第74話 半月分の成果

 きっとBGMはショパンの別れの曲。

 そういう感じのイメージビデオ。


 輪郭線はセピア調。それによって描かれるのは呂貴也と麻美だ。

 二人ともめかし込んでいる。


 そして二人が訪れたのは万里駅付近の繁華街。

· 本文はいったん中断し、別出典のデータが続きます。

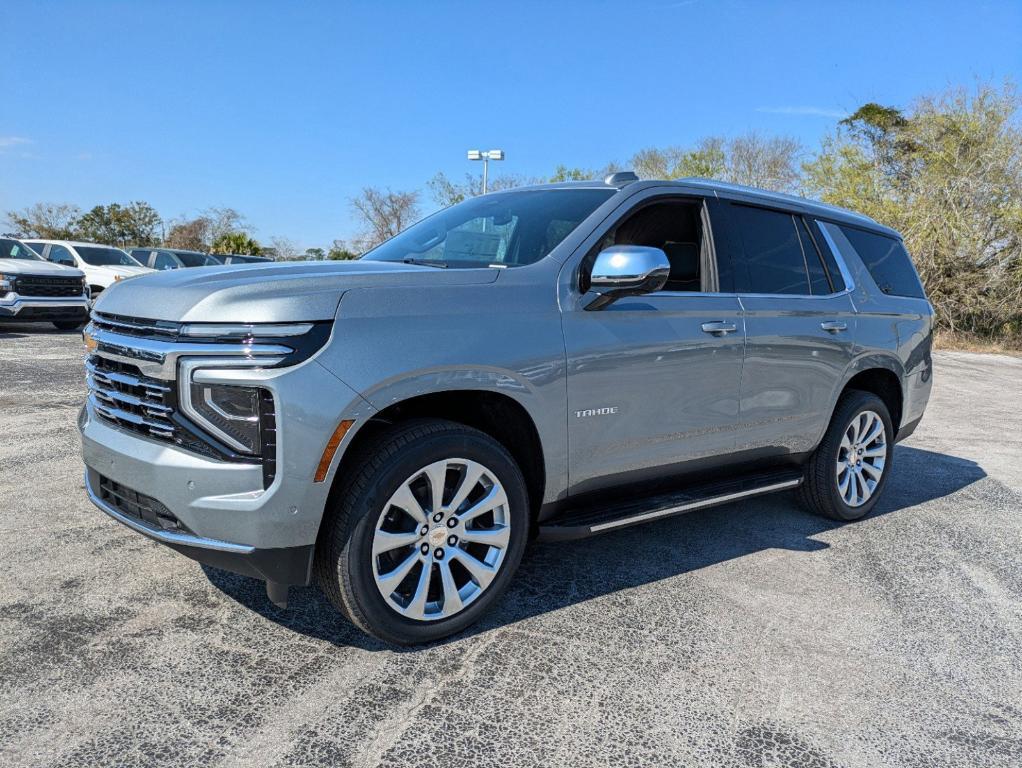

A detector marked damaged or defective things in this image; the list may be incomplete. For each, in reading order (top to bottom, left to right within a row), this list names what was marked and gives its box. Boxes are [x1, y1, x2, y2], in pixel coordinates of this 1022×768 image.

cracked asphalt [2, 326, 1022, 768]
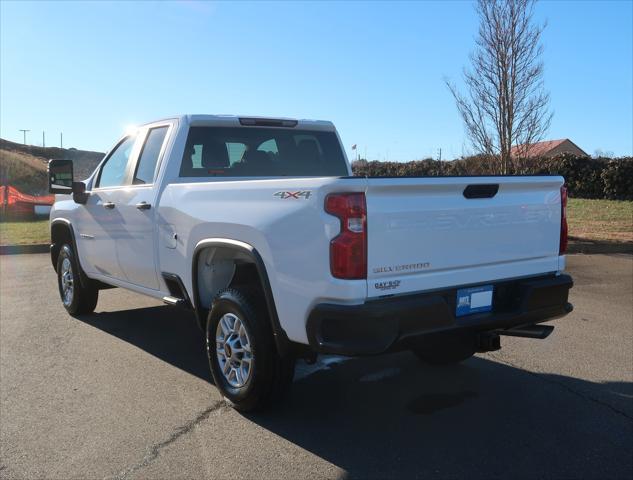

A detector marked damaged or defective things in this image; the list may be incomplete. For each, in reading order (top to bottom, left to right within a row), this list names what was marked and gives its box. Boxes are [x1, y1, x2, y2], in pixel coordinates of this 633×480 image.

pavement crack [488, 352, 632, 420]
pavement crack [110, 402, 223, 480]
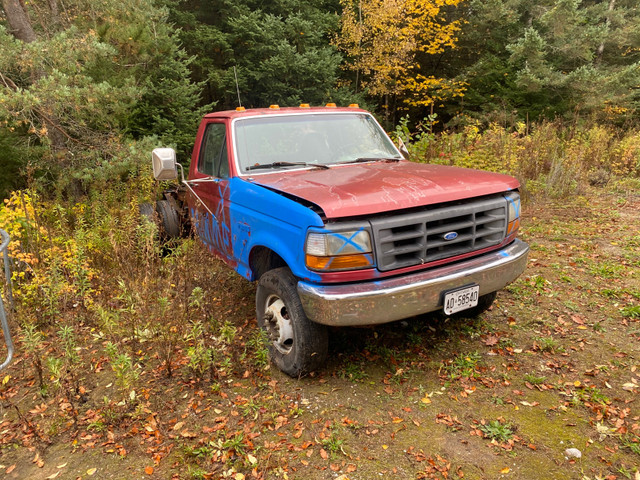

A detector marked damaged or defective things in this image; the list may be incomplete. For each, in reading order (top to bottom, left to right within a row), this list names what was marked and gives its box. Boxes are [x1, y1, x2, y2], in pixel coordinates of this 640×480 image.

damaged hood [250, 163, 520, 219]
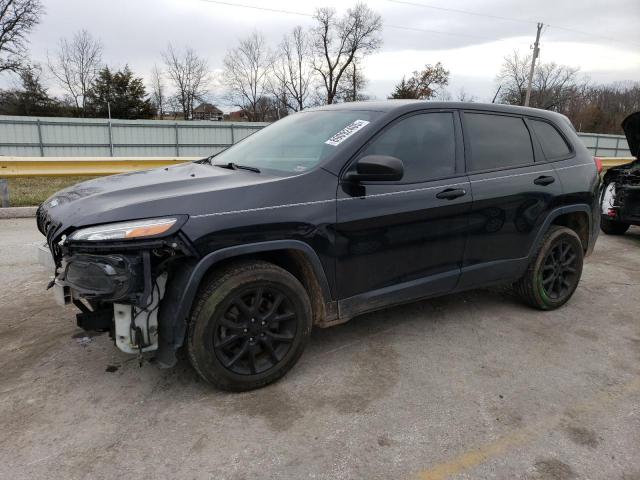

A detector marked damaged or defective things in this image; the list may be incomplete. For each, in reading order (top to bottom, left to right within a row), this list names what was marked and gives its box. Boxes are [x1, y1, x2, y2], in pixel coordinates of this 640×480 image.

front-end damage [37, 208, 196, 366]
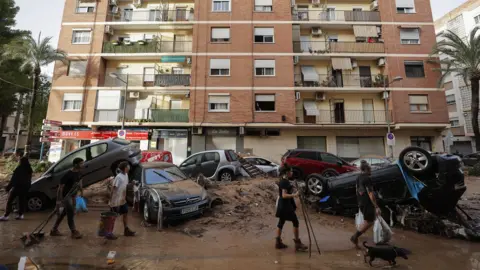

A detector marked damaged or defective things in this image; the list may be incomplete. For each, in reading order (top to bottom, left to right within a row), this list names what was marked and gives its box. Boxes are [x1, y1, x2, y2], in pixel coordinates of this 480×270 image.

crashed car [306, 148, 466, 221]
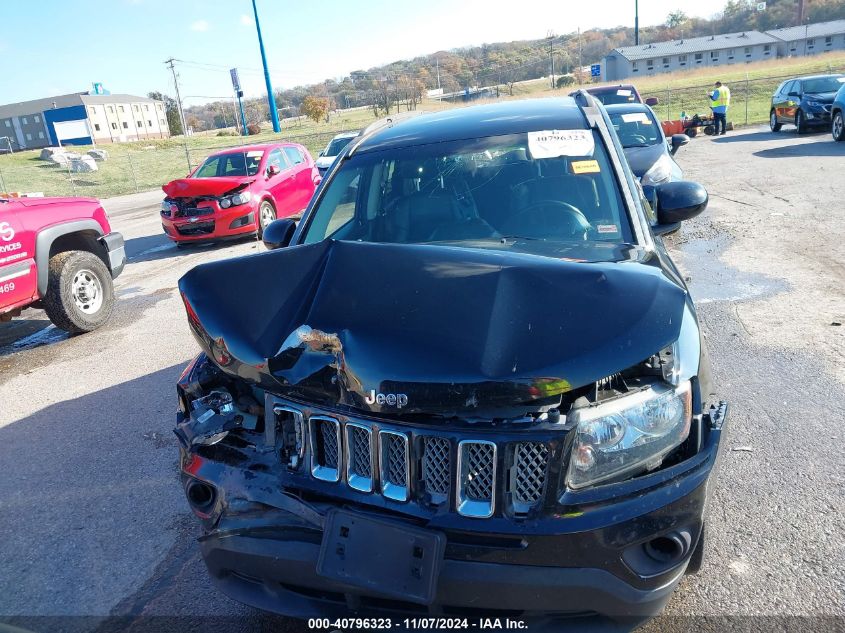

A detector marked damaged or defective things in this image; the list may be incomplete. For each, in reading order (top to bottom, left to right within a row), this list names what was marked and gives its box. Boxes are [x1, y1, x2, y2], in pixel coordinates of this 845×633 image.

crumpled hood [162, 175, 252, 198]
damaged vehicle [160, 143, 318, 244]
crumpled hood [620, 141, 664, 175]
crumpled hood [178, 238, 684, 414]
damaged black jeep compass [171, 94, 724, 628]
damaged vehicle [175, 95, 728, 628]
broken headlight [568, 380, 692, 488]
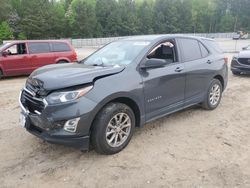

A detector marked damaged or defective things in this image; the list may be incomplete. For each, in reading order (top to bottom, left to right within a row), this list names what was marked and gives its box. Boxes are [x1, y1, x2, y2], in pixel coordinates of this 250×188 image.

crumpled hood [29, 62, 125, 90]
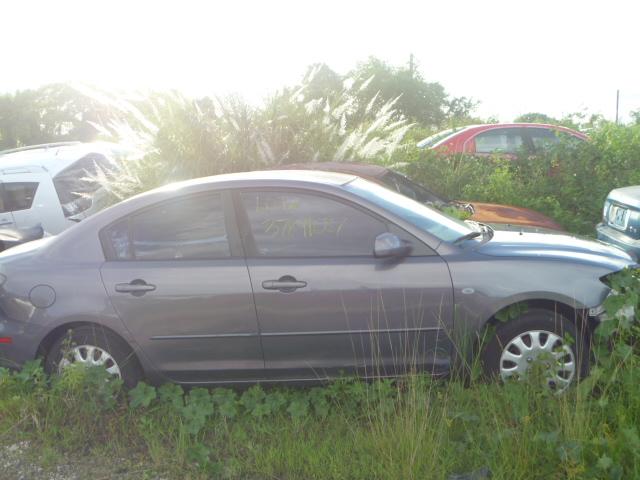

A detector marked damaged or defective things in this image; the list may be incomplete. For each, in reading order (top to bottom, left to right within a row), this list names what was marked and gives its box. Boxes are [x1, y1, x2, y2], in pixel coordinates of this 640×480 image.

rusty car hood [468, 202, 564, 232]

一般に言うところのデートというイベントが起こっているのだろう。


 そして、このイベントが起きたのがゴールデンウィークの五月三日。

 四月の間、B組を騒がした麻美を中心とした問題に、この日ケリがついたのである。


               ~・~


 当たり前の話だが、二人のデートを誰かが尾行していたわけでは無い。

 だが、B組のクラスメイトは大まかなことを知っていた。


 何故なら、麻美がそれはそれは嬉しそうに教えてくれるからだ。言いふらしていたと言っても良い。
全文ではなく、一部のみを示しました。